Nick would love to live way the hell out in nowhere. And I'd rather spoon my eyes out than live in some bucolic area, beautiful as much of New Jersey may be.
"You can buy that house with your next wife. Your next wife will love that kind of thing."
"Yes. And your next wife will never get upset about your food choices."
"My next wife sounds fantastic."
"She'll never worry about your cholesterol. In fact, she'll eat bleu cheese-stuffed, bacon-topped burgers and fries with you. And instead of getting upset, she'll suggest seconds."
"I'm going to love her so much."
"And then you can come home after your artery-clogging meal, and sit on your porch together and unbutton your tight pants and fold your hands over your bellies.
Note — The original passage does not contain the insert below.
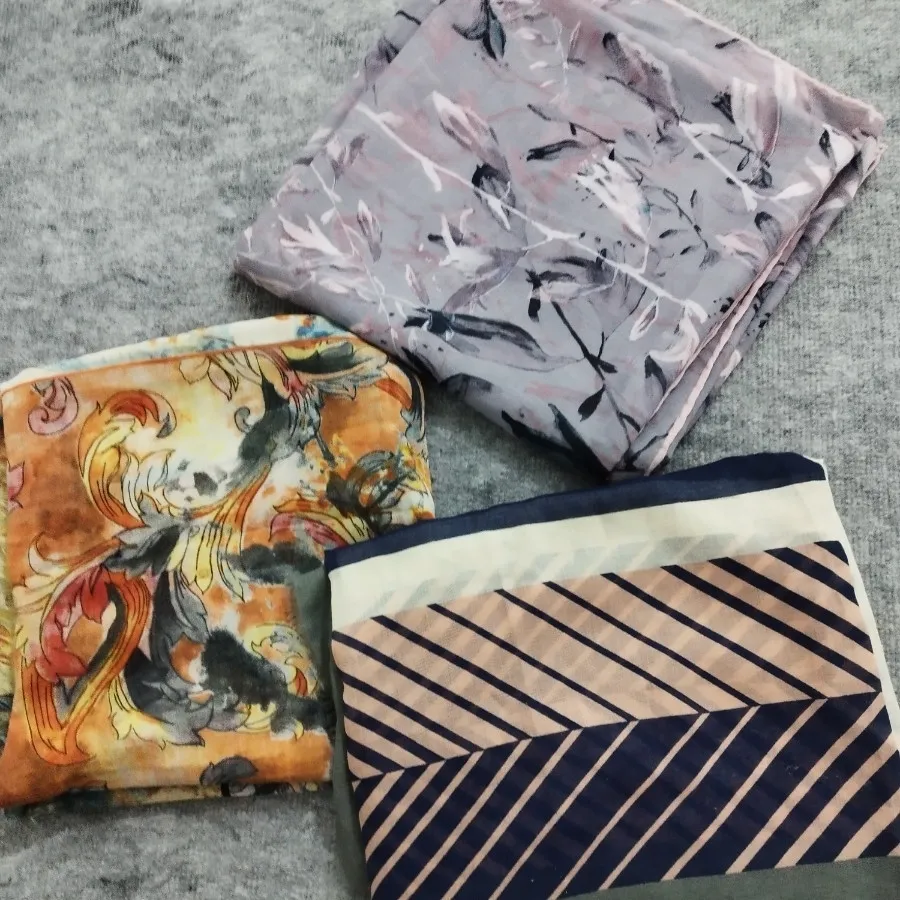 روسری های زنانه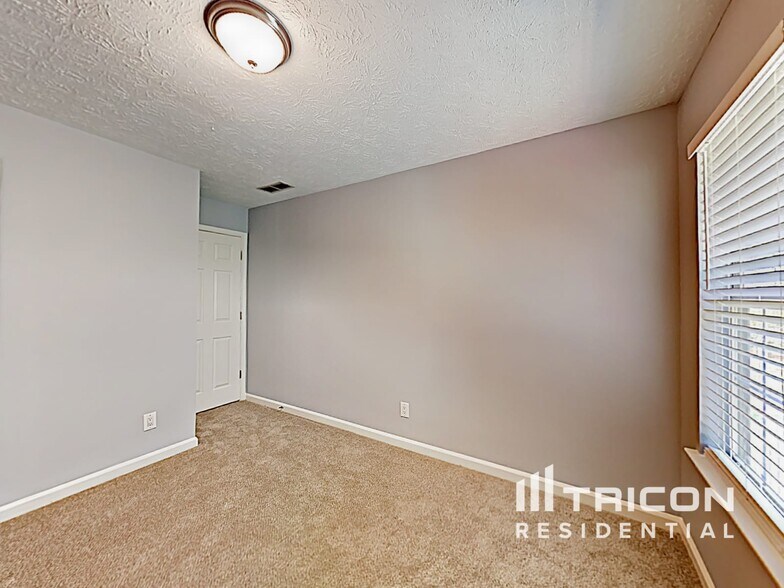 Building Photo - 12234 Cypress Way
And then at some point she'll get you another beer, and then a bowl of ice cream."
"That sounds wonderful."
"And then you'll go upstairs and have all kinds of anal sex."
"Yeah. For like the fifth time that day. With you."
"Me? I'm not there. I'm in Italy."
"No, you're there. We'll have regular threesomes with you. Even though you're in a coma."
"I'm not in a coma."
"You absolutely are. You're upstairs in a coma. But I still love you anyway."
"Am not. I'm on the Amalfi coast with Giancarlo. Fondling his incredible abs."
"Not in my fantasy."
"This isn't your fantasy. Give me back my sarcastic story."
It probably goes without saying, but I just feel the need to add. . .There's something very wrong with us. I'm well aware of it.